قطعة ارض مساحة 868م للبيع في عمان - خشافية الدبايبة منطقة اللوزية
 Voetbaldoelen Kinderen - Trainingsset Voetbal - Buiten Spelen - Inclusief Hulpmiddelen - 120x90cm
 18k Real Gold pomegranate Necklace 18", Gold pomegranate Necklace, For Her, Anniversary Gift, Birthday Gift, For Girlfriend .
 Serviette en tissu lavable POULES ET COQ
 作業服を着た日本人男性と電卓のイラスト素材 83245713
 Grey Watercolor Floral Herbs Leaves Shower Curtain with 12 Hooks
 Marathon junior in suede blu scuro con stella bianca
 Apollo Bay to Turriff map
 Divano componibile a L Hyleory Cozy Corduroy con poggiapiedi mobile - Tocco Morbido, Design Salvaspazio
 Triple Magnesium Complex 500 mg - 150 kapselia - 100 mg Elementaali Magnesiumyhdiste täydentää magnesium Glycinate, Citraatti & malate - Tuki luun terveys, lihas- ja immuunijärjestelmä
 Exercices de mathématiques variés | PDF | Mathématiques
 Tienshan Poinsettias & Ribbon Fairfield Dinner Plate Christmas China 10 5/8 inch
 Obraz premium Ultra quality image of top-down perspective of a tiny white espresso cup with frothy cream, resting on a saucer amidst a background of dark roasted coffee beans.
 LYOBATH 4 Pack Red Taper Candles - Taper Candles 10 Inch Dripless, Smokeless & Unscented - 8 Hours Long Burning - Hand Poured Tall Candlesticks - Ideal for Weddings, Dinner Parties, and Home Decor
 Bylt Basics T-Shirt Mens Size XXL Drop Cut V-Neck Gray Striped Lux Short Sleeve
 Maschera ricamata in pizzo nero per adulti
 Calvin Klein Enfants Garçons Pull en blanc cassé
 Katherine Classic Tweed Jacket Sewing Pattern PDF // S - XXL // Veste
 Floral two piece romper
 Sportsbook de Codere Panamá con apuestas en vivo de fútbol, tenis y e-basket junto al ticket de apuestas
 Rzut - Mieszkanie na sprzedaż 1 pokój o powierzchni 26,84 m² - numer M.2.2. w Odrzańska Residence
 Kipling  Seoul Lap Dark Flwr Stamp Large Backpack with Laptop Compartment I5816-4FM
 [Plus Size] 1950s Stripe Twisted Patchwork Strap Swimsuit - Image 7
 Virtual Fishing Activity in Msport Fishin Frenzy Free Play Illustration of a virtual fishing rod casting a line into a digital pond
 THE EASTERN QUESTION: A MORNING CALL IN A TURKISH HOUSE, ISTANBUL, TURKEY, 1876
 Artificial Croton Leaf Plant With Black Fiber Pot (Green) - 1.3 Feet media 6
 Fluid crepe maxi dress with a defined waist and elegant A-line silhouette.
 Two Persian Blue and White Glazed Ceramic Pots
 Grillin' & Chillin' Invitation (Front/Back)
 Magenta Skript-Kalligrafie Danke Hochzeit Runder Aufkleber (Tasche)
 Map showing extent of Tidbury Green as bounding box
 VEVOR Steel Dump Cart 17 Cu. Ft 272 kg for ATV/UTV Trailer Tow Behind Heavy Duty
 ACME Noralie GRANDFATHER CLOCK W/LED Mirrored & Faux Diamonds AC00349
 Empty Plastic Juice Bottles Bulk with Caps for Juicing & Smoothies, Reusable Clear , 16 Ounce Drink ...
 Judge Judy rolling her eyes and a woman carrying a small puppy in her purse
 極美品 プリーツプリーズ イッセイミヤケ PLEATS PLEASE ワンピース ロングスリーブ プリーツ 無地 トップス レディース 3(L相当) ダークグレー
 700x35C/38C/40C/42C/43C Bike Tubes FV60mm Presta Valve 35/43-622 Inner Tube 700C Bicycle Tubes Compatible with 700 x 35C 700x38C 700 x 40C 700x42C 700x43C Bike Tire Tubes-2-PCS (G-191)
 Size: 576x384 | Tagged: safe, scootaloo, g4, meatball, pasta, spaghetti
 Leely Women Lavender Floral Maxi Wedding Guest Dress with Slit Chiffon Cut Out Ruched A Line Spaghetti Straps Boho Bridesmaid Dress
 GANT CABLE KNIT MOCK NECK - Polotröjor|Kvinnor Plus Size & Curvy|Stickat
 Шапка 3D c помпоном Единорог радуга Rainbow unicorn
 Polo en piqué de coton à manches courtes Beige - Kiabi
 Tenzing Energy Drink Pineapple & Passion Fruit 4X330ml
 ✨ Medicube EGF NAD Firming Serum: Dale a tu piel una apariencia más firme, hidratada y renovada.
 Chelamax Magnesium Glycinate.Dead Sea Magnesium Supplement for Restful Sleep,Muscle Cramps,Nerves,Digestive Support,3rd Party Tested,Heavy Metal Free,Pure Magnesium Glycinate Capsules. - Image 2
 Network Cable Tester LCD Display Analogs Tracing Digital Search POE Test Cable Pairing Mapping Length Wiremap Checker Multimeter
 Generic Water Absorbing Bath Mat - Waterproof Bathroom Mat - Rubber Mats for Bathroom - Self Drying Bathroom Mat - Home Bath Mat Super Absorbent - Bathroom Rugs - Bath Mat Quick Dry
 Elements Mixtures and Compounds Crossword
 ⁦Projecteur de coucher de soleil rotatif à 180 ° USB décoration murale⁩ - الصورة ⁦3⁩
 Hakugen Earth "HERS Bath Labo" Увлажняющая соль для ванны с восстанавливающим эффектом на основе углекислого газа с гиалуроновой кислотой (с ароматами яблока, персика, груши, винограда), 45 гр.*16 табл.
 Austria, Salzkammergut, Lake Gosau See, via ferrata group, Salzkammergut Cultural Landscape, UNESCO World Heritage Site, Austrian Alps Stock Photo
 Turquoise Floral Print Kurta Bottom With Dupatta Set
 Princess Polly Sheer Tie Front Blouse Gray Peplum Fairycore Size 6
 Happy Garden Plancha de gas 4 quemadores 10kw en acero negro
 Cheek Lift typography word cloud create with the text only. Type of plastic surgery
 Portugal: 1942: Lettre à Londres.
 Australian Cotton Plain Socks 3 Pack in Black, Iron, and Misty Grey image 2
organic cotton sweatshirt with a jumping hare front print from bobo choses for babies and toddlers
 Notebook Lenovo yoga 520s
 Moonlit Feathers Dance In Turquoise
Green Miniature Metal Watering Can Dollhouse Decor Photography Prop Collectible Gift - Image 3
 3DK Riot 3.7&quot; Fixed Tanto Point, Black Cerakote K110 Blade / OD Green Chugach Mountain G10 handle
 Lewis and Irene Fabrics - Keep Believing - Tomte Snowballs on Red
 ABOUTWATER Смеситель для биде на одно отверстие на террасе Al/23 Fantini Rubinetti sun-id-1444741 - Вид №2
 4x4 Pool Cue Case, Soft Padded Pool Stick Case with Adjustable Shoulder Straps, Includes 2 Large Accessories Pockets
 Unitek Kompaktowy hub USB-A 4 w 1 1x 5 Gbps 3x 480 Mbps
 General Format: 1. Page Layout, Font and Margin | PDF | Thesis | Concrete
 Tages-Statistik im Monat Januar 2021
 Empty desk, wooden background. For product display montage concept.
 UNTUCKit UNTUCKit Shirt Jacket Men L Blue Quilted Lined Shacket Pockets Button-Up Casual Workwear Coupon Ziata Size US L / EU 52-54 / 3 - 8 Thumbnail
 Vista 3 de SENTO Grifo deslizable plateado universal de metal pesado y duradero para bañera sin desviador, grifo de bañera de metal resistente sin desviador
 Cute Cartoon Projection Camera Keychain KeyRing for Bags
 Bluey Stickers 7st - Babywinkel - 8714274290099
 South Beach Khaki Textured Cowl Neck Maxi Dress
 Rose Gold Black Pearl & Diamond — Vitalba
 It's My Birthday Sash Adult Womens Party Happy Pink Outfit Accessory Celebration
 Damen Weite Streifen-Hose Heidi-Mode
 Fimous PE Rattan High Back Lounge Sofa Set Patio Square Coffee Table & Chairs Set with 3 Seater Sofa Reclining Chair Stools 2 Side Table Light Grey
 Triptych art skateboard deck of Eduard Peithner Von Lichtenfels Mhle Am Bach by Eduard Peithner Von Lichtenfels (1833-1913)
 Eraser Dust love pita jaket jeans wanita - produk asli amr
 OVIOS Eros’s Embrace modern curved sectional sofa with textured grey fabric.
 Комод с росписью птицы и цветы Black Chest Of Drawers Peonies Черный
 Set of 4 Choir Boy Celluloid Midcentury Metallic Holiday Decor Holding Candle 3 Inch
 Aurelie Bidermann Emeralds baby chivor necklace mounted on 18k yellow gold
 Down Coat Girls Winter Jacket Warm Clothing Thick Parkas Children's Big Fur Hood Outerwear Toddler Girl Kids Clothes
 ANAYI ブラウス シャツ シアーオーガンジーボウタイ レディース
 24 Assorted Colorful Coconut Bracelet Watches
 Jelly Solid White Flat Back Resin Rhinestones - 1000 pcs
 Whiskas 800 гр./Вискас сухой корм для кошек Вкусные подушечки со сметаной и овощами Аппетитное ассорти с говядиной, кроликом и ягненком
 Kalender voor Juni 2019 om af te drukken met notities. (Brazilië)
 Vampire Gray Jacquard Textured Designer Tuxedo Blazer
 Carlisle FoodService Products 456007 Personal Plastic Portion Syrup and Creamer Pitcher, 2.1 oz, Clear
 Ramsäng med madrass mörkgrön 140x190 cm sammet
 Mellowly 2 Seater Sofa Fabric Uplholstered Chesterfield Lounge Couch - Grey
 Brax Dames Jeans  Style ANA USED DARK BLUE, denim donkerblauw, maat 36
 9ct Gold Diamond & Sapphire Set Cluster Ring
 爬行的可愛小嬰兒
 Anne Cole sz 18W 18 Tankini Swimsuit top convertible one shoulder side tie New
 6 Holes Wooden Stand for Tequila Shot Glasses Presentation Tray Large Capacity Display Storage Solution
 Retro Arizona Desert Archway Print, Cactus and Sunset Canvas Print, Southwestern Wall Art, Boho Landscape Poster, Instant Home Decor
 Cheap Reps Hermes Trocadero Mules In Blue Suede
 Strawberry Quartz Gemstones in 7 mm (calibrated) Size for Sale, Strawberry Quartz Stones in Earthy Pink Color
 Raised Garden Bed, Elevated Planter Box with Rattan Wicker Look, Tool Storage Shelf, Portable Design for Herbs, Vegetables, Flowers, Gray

○ ○ ○ ○

= Task directions =
Output should match, line for line, the stretch of the material above from the line holding "Bluey Stickers 7st" through the line holding "Eraser Dust love".

= Expected answer =
 Bluey Stickers 7st - Babywinkel - 8714274290099
 South Beach Khaki Textured Cowl Neck Maxi Dress
 Rose Gold Black Pearl & Diamond — Vitalba
 It's My Birthday Sash Adult Womens Party Happy Pink Outfit Accessory Celebration
 Damen Weite Streifen-Hose Heidi-Mode
 Fimous PE Rattan High Back Lounge Sofa Set Patio Square Coffee Table & Chairs Set with 3 Seater Sofa Reclining Chair Stools 2 Side Table Light Grey
 Triptych art skateboard deck of Eduard Peithner Von Lichtenfels Mhle Am Bach by Eduard Peithner Von Lichtenfels (1833-1913)
 Eraser Dust love pita jaket jeans wanita - produk asli amr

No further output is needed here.